Sounds like nothing but go through your standard procedures - everything responds, everything responds to ping, just some things are very slow. Can't narrow down to one server. Try to log in to them remotely and it timeouts. Go find the physical machines. Try to log into them. LITERALLY could not get the mouse to move. Suspect hung servers. Wait suitable length of time. Force a reboot. Server boots up at normal speed, does disk check, nothing wrong, gets to login screen, hangs like hell.
Okay. Weird. Safe mode. Same thing. Okay. Disconnect from network. Same thing. Restore from latest backup (which takes HOURS). Same thing. Okay, restore from Known Good backup (more hours!). Same thing. Confirm the machine is fully operational with install from clean Windows CD (but too much software on there to just replace every server in the space of a day or so from nothing). Perfectly working, no problems at all. Okay, restore from ancient backup taken just after the Stone Age and which DEFINITELY, DEFINITELY, DEFINITELY works. Same thing. WTH? Try other machines. Same thing.
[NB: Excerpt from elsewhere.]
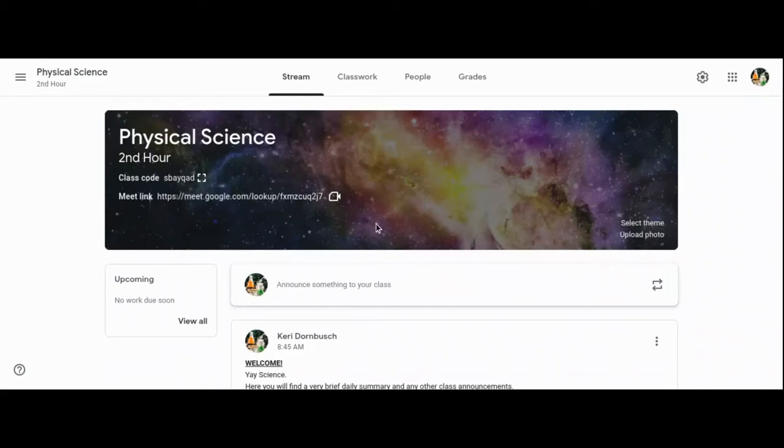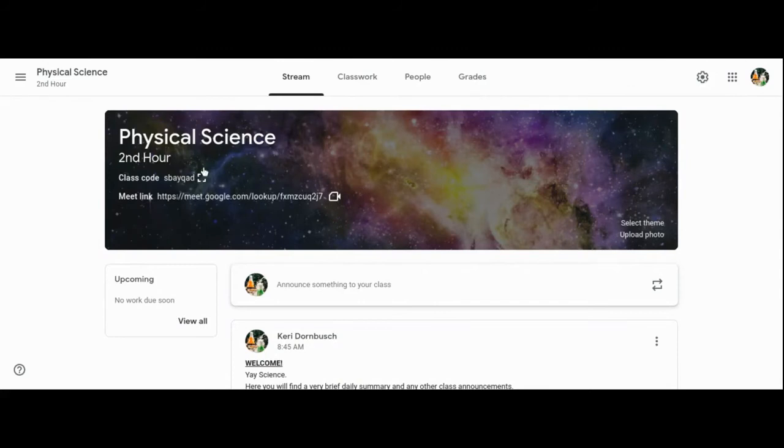On Google Classroom you will find that there is a meet link up here in the banner. If we have to have a class meeting virtually, that's where you'll find the link for your particular class.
Restore a backup to an identical machine acting as tepid-spare. Same thing. Bugger. Complete reinstall looking like only way to get it back and working. Clean Windows install on clean, isolated machine. Start reinstalling software from disks (known-good versions of everything that worked for YEARS). The reboot AFTER the UPS software is installed starts displaying the same symptoms. Damn! (But at least we can narrow down). After a couple of installation retries (and rebooting after literally every step), narrow it down to the UPS software installation. Update available? No. Reported problems? Yes, with same symptoms. No solutions.
Fall back onto the last resort of IT: Phone random IT people and see if they've had the same thing. Couple of them experiencing it, one of them in the advanced stages of diagnosis. After much jiggery-pokery and literally just turning the software on under heavy debugging/monitoring (and LOTS of rebooting) and trying to identify cause, narrow it down to accessing a certain Java package and then, inside that, find an expired certificate. How do we know it's the cert? Can you fool it by putting the clocks back? Actually, yes. Before the expiry time, it works, after it doesn't. Can you replace the cert? Yes, but the software refuses to work even if it doesn't hang. Can you fake it? No. Can you remove it? No, the software won't work. Can you run your processes with an inaccurate clock? No. Can you run your server without UPS monitoring? Not really.
So it takes this long to get to knowing what's happened and what you can do about it. The affected servers can have their filesystem accessed by something else (Linux boot disk) and have the UPS software disabled, because there was literally no other way to get the software turned off once Windows had started (and actually, I moved the UPS monitoring to a Linux machine that then would issue shutdown notices to the Windows servers instead!).
Eventually, after about a week, the UPS manufacturer issue an update and pretend it never happened (and NOBODY installed that update without first installing clean or working out what the problem was). But you try diagnosing that bugger while having a whole company breathing down your neck and silence in the server rooms.
What saved the day? Linux, contacts, careful investigation, no blind reinstalling, and not relying on the UPS manufacturer to actually DO anything about it.
The last thing you expect when your whole network goes down (and only the servers, not the clients) is some UPS software that's been working FOREVER, on known-good versions, on known-good servers to suddenly stop working even on restoration of older, working backups (whose restoration had ALWAYS worked before that point when testing backups) and then hang the machine to the extent that you literally could not do ANYTHING on it at all. I was just about ready to kill Microsoft until we saw that no updates had taken place in the weeks leading up to it and the servers had been rebooted and backed up and test-restored since then.